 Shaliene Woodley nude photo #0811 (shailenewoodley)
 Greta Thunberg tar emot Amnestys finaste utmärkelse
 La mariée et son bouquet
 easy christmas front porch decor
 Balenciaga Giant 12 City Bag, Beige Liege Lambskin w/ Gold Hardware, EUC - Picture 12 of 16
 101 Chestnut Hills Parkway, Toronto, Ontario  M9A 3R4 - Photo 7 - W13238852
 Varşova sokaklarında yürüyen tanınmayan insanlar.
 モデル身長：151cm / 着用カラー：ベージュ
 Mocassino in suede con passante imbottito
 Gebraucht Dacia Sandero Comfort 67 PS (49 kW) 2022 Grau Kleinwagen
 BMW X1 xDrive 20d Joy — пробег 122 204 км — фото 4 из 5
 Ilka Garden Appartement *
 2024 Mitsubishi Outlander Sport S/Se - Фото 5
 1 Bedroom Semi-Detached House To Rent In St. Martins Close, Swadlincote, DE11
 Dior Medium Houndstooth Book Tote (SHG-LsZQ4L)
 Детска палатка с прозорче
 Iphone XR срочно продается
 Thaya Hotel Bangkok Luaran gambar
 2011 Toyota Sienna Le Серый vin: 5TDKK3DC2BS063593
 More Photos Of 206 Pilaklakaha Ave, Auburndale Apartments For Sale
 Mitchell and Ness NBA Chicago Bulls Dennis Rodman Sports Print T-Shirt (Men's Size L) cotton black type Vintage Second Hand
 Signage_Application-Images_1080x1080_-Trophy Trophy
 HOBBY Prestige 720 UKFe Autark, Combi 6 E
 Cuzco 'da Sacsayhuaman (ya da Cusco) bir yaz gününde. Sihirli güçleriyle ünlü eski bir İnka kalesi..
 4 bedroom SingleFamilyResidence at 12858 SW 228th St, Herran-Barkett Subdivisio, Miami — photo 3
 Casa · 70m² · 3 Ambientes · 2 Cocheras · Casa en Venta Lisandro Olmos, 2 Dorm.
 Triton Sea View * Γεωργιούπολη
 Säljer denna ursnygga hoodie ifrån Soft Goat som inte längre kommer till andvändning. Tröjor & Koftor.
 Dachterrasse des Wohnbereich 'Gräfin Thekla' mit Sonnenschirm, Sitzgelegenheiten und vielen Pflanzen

━━━━━━

Return only the stretch of the material above from the line holding "Thaya Hotel Bangkok Luaran gambar" through the line holding "Säljer denna ursnygga", copied exactly.

 Thaya Hotel Bangkok Luaran gambar
 2011 Toyota Sienna Le Серый vin: 5TDKK3DC2BS063593
 More Photos Of 206 Pilaklakaha Ave, Auburndale Apartments For Sale
 Mitchell and Ness NBA Chicago Bulls Dennis Rodman Sports Print T-Shirt (Men's Size L) cotton black type Vintage Second Hand
 Signage_Application-Images_1080x1080_-Trophy Trophy
 HOBBY Prestige 720 UKFe Autark, Combi 6 E
 Cuzco 'da Sacsayhuaman (ya da Cusco) bir yaz gününde. Sihirli güçleriyle ünlü eski bir İnka kalesi..
 4 bedroom SingleFamilyResidence at 12858 SW 228th St, Herran-Barkett Subdivisio, Miami — photo 3
 Casa · 70m² · 3 Ambientes · 2 Cocheras · Casa en Venta Lisandro Olmos, 2 Dorm.
 Triton Sea View * Γεωργιούπολη
 Säljer denna ursnygga hoodie ifrån Soft Goat som inte längre kommer till andvändning. Tröjor & Koftor.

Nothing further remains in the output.